## Collected data:
════════
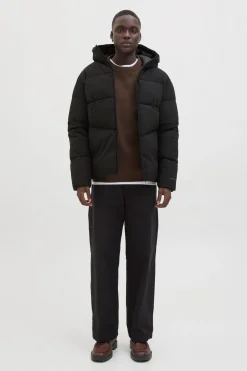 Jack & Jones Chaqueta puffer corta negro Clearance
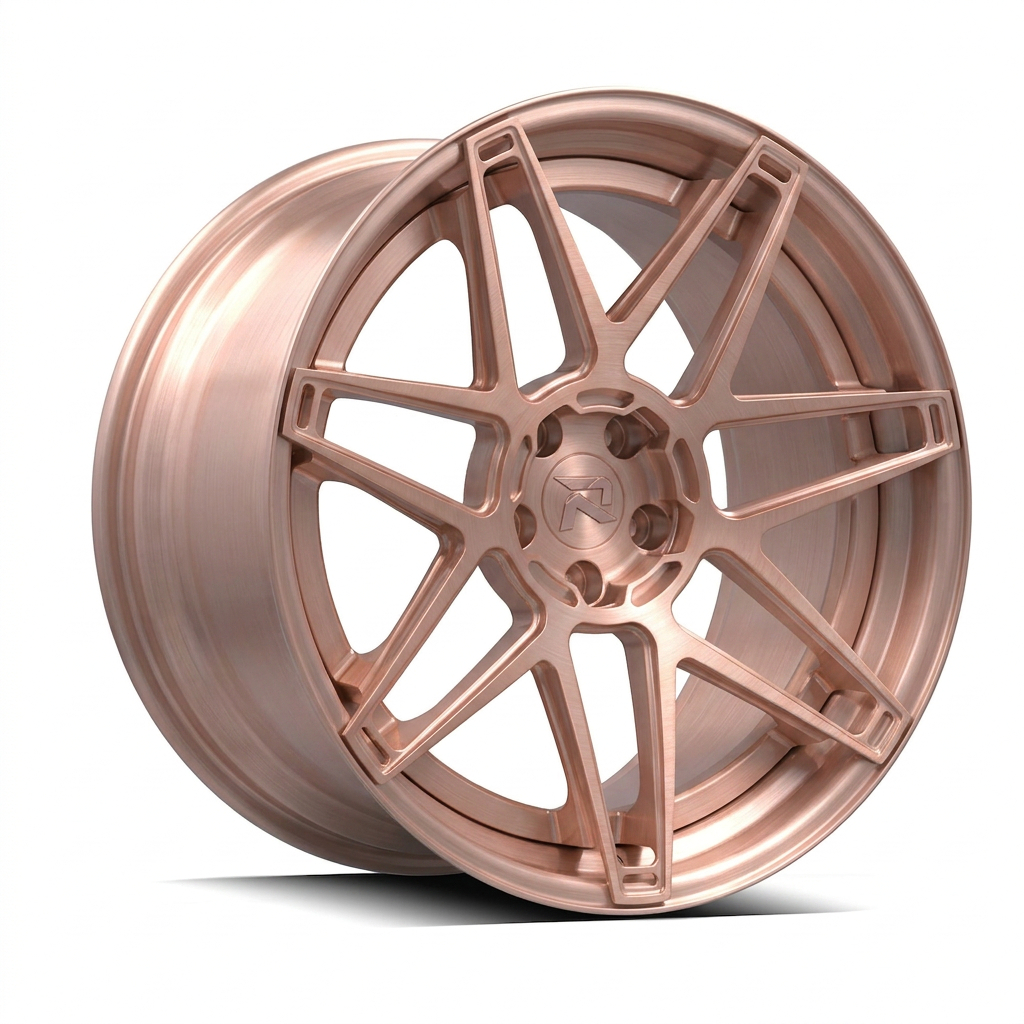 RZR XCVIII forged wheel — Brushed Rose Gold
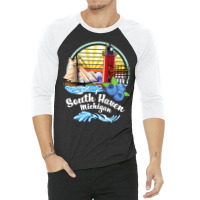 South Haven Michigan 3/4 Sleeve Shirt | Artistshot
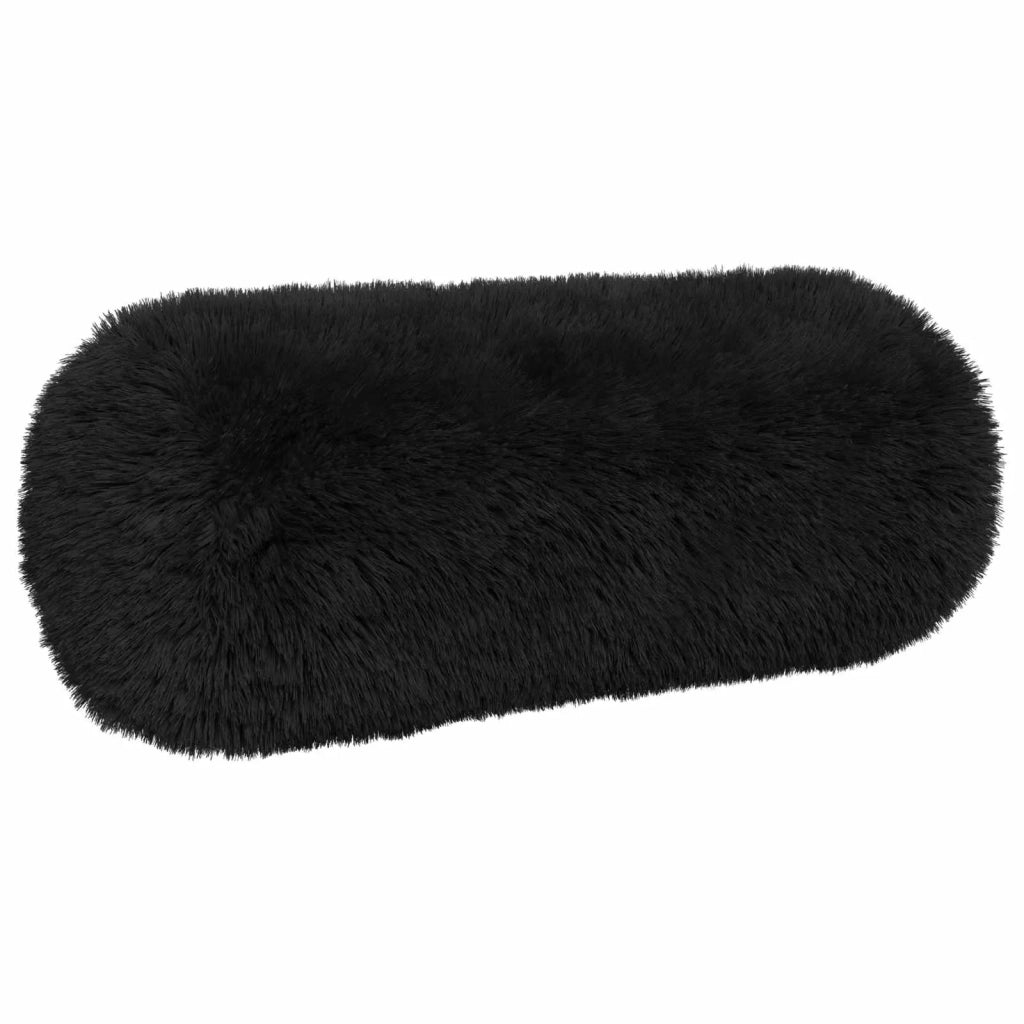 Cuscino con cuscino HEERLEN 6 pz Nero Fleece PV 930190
════════
Retype exactly, please, the span from the line holding "RZR XCVIII forged wheel — Brushed Rose Gold" through the closing line of the data, both ends included, without the pictures.

 RZR XCVIII forged wheel — Brushed Rose Gold
 South Haven Michigan 3/4 Sleeve Shirt | Artistshot
 Cuscino con cuscino HEERLEN 6 pz Nero Fleece PV 930190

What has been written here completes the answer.